3. An electrohydraulic clutch driving mechanism according to claim 2, wherein: the transmission gear set comprises a transmission gear and a driving gear, the transmission gear and the driving gear are both rotatably arranged in the shell, the driving gear is of an annular hollow structure, the middle of the driving screw is in threaded connection with the center of the driving gear, one end of the driving motor is a rotatable motor output shaft, the motor output shaft is meshed with the transmission gear, the transmission gear is meshed with the outer wall of the driving gear, and the driving gear is in transmission connection with the motor output shaft through the transmission gear.
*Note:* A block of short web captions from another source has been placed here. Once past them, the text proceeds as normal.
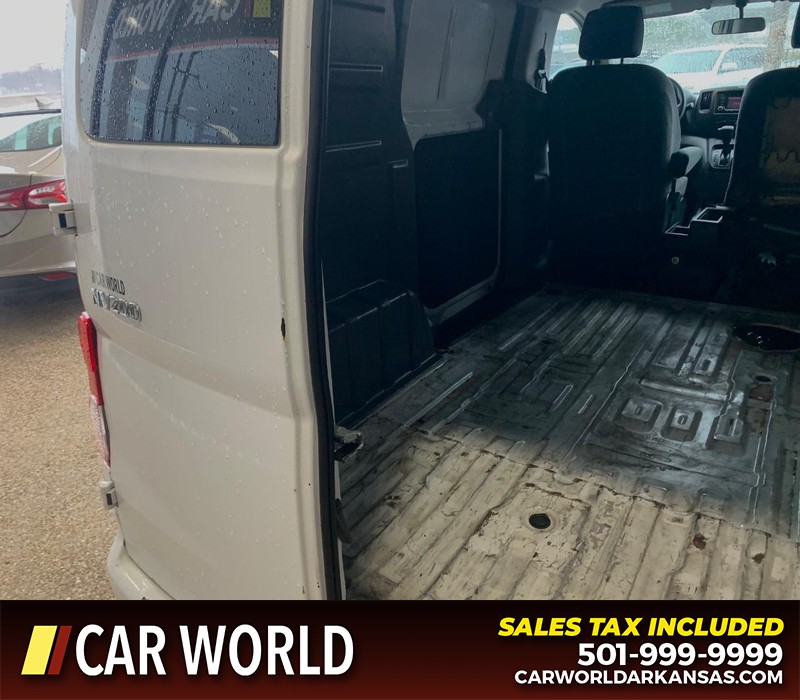 Nissan NV200 Compact Cargo Vehicle Full-screen Gallery Image 10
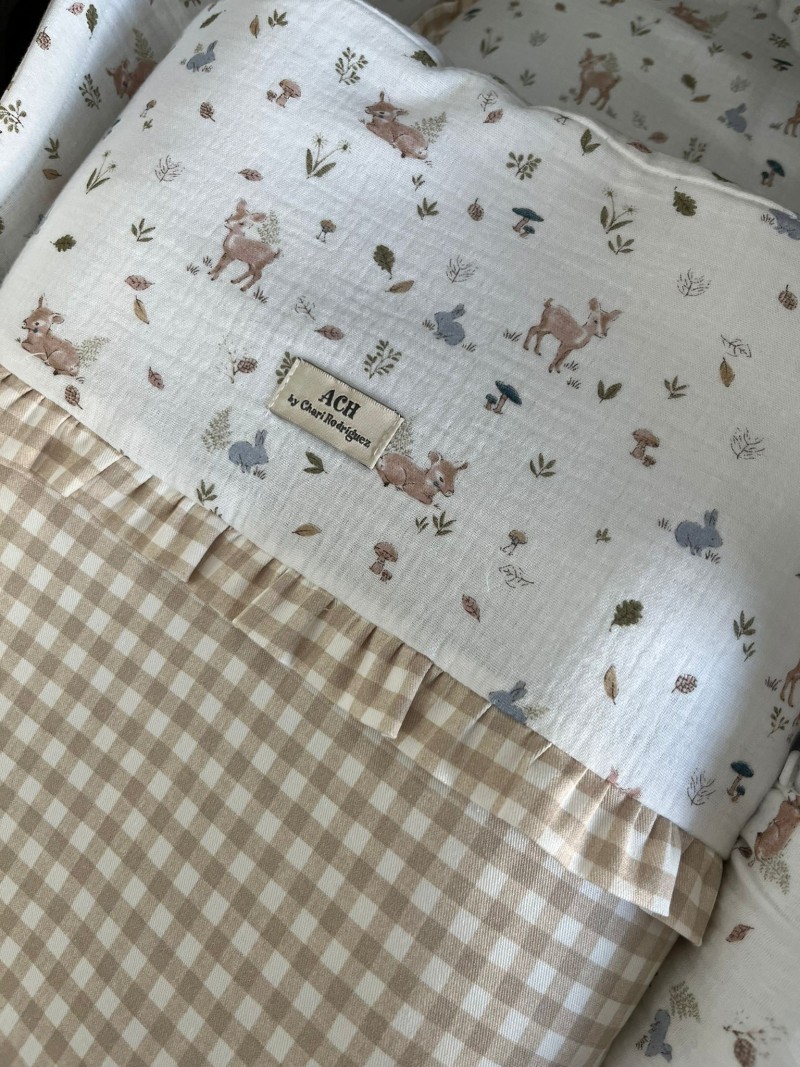 CONJUNTO CUBRECAPAZO, SACO Y BOLSO BAMBINA ARTESANIA CHARI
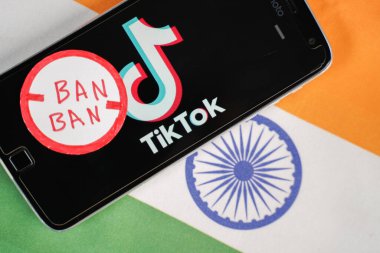 Maski, Hindistan - 4 Ağustos 2020: Telefon üzerinde TikTok Logosu ve arka planda Hint bayrağı bulunan yasak damga.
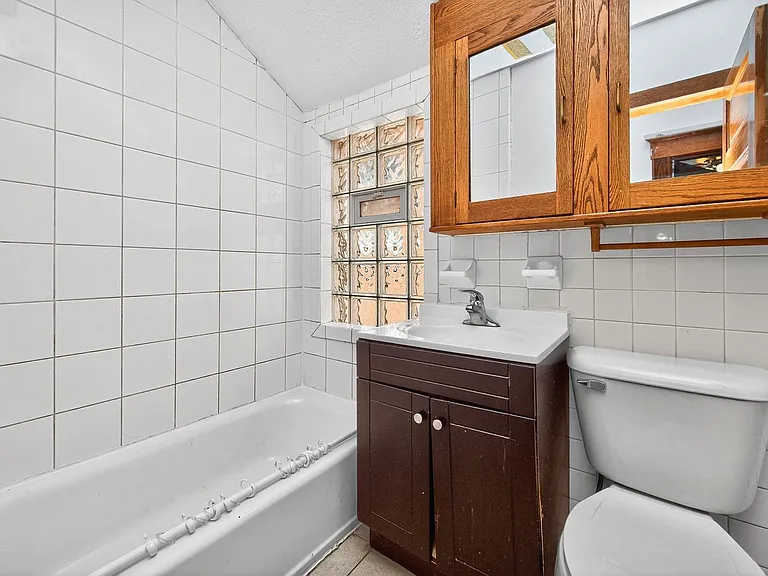 2315 Moerlein Ave — Photo 5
4. An electrohydraulic clutch driving mechanism according to claim 1, wherein: the inside of drive top jar still is equipped with direction subassembly, and direction subassembly includes the guide rod body and deflector, and the ejector pin is kept away from the one end of giving the oil pump body and is run through the middle part of deflector, and the guide rod body sets up the inside at the drive top jar horizontally, and the both sides of deflector all are equipped with the guide hole of guide rod body assorted, peg graft between guide hole and the guide rod body, carries out swing joint between guide plate through guide hole and the guide rod body.

5. An electrohydraulic clutch driving mechanism according to claim 4, wherein: the outside of drive top jar still is equipped with clutch sensor, and clutch sensor can extend to the inside of drive top jar and deflector carry out swing joint.

6. An electro-hydraulic clutch actuation mechanism according to claim 5, wherein: the clutch sensor extends to the inside one end of drive top jar and is rotatable drive fork board, and the one end of drive fork board rotationally is connected with clutch sensor, and the fork groove has been seted up to the other end of drive fork board, and the lateral wall of deflector is equipped with outside bellied spacing post, and spacing post is inlayed in the inside of fork groove.

7. An electrohydraulic clutch driving mechanism according to any of claims 1-6, wherein: the oil feeding pump body is provided with an oil feeding hole at one end far away from the driving top cylinder, an oil return hole is arranged at one side of the oil feeding pump body, and the head end of the piston rod can push oil to one side of the oil feeding hole.